Write a program to find the node at which the intersection of two singly linked lists begins.
For example, the following two linked lists:
A: a1 → a2
↘
c1 → c2 → c3
↗
B: b1 → b2 → b3
begin to intersect at node c1.
Notes:
- If the two linked lists have no intersection at all, return
null. - The linked lists must retain their original structure after the function returns.
- You may assume there are no cycles anywhere in the entire linked structure.

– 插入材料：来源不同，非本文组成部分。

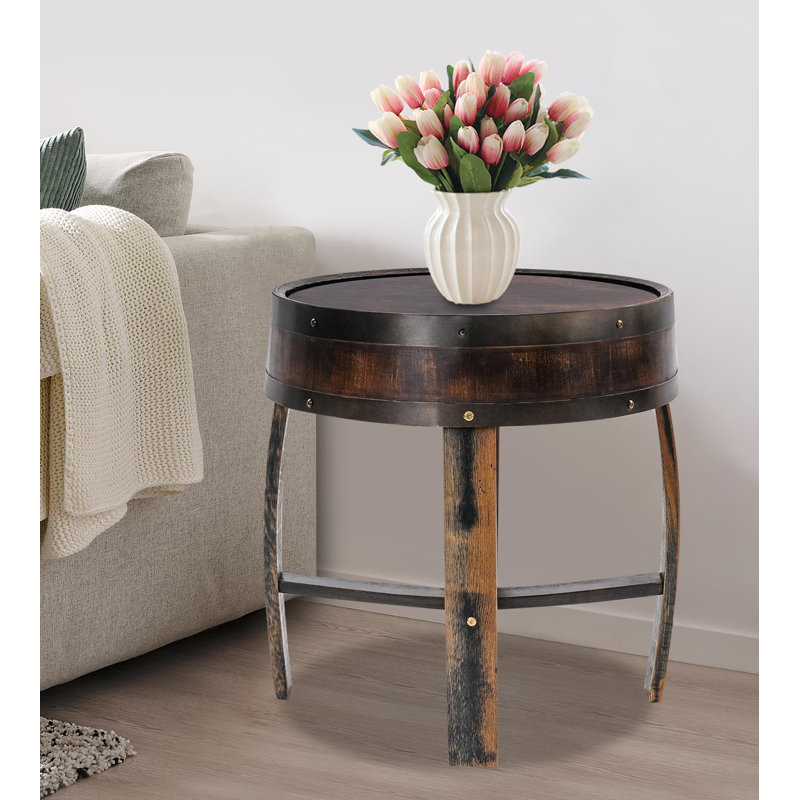 Round Barrel-Style Side Table End Table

- Your code should preferably run in O(n) time and use only O(1) memory.
题目标签:Linked List
题目给了我们两个链表,让我们找到它们是否有交点,返回那个交点。
试想一下,如果是两个长度相等的链表,那么我们只需要遍历链表,比较两个点 是否 相等 就可以了。
所以,我们首先要得到两个链表的长度,如果不一样长,那么把长的链表先走,走到 和 另外一个链表一样长度的时候,开始比较两个点 是否 相等来找到交点;如果没有,那么最后就返回null。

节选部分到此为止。